== What to work on ==
Give back each line of the data exactly as it reads, minus the pictures.

[Excerpts from a dataset]
***

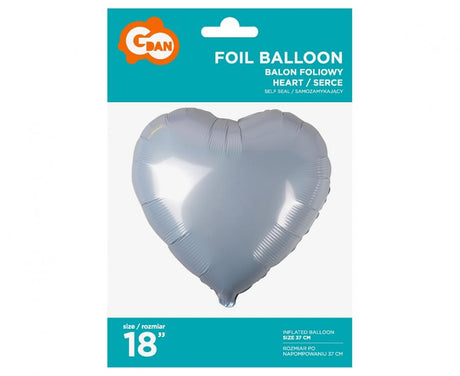 Folienballon Herz 45cm, weiss (1 Stk.)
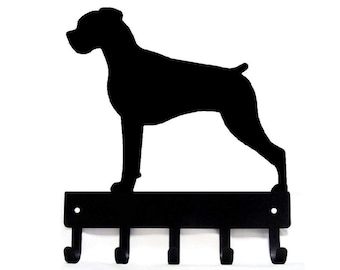 Boxer Natural Ear Docked Tail  (Sm) Key Rack Hanger/ Leash hooks - Metal - 6 inches wide - Made in USA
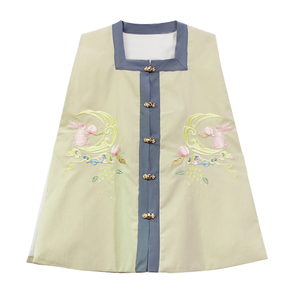 月兔明制汉服方领比甲秋冬外搭日常刺绣秋季上衣单卖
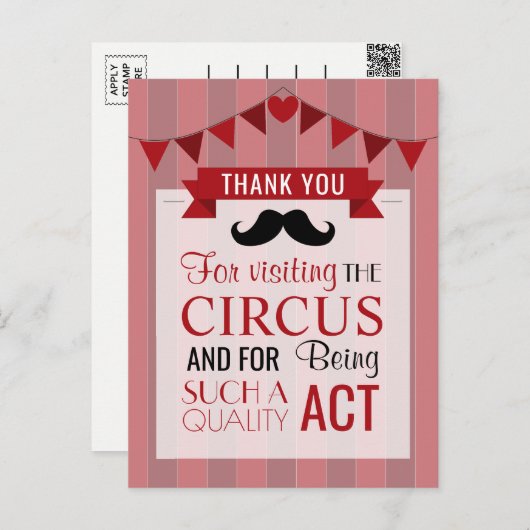 クラシックサーカスポスターバースデーパーティーありがとう ポストカード (正面/裏面)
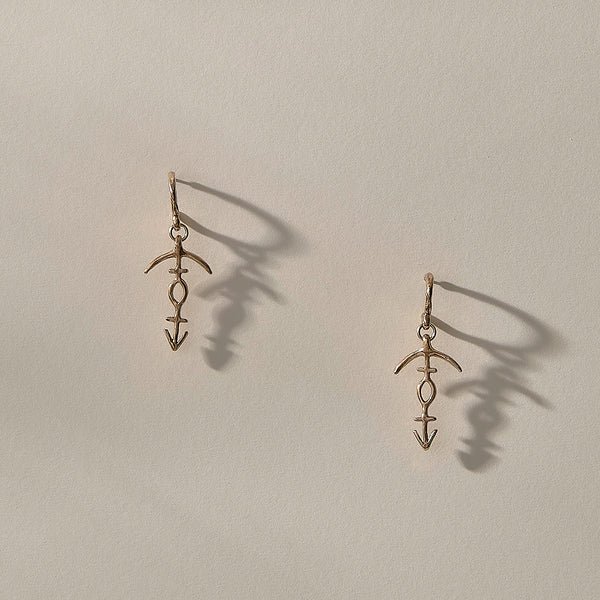 The Bronze Hoku Charm Hoops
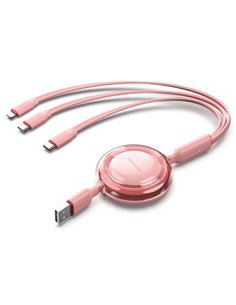 Vention Câble USB Multiple - Longueur Réglable Jusqu'à 1.1m - Retractil - USB-À - 2xUSB-C - Lightning - Vitesse Jusqu'à 480Mbps 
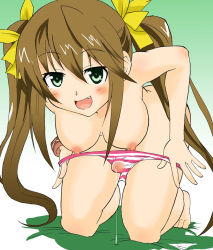 Rule 34 | 10s, blush, breasts, brown hair, bulge, cum, futanari, green eyes, huang lingyin, infinite stratos, large breasts, long hair, looking at viewer, nipples, open mouth, penis, precum, smile, solo, topless, twintails, underwear, wristband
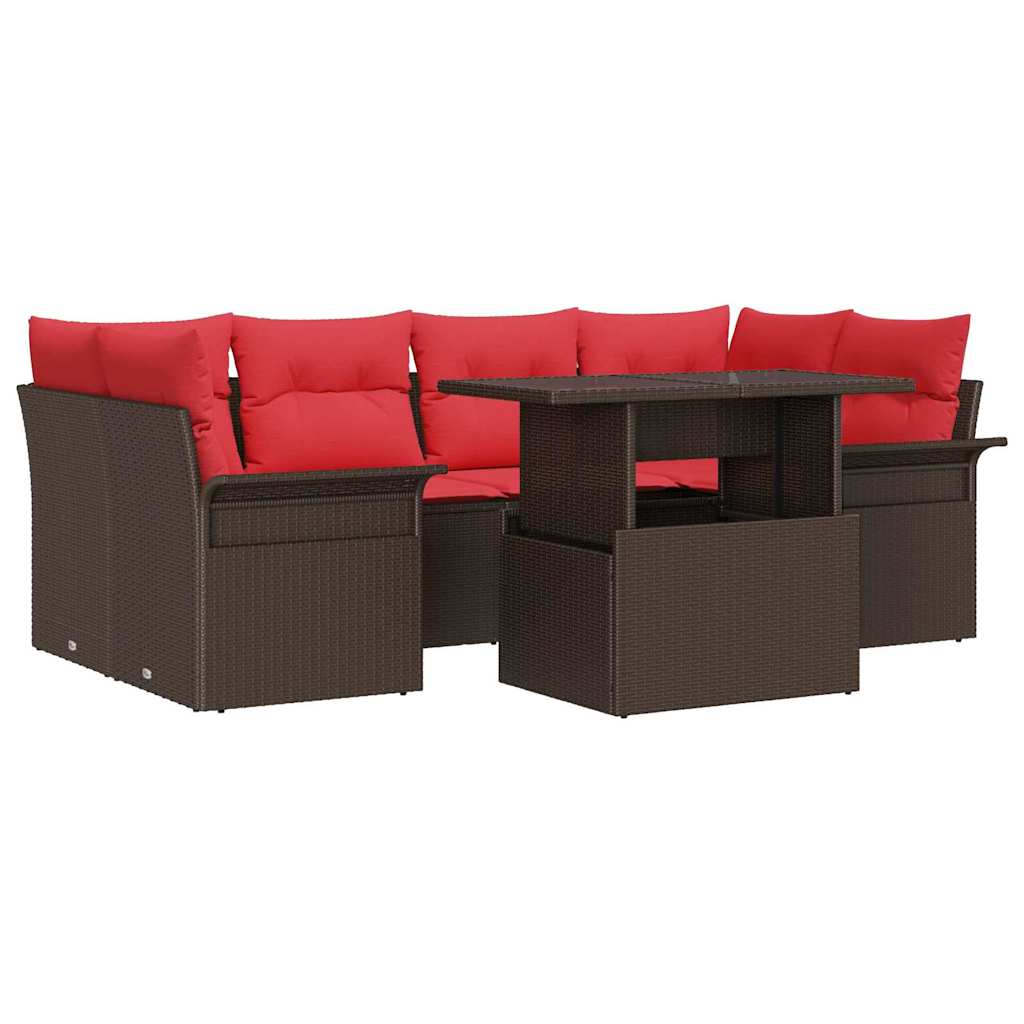 Kerti Kanapé Szett 7 db Barna [Műanyag]: Poly Rattan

***

== Solution to this task ==
 Folienballon Herz 45cm, weiss (1 Stk.)
 Boxer Natural Ear Docked Tail  (Sm) Key Rack Hanger/ Leash hooks - Metal - 6 inches wide - Made in USA
 月兔明制汉服方领比甲秋冬外搭日常刺绣秋季上衣单卖
 クラシックサーカスポスターバースデーパーティーありがとう ポストカード (正面/裏面)
 The Bronze Hoku Charm Hoops
 Vention Câble USB Multiple - Longueur Réglable Jusqu'à 1.1m - Retractil - USB-À - 2xUSB-C - Lightning - Vitesse Jusqu'à 480Mbps 
 Rule 34 | 10s, blush, breasts, brown hair, bulge, cum, futanari, green eyes, huang lingyin, infinite stratos, large breasts, long hair, looking at viewer, nipples, open mouth, penis, precum, smile, solo, topless, twintails, underwear, wristband
 Kerti Kanapé Szett 7 db Barna [Műanyag]: Poly Rattan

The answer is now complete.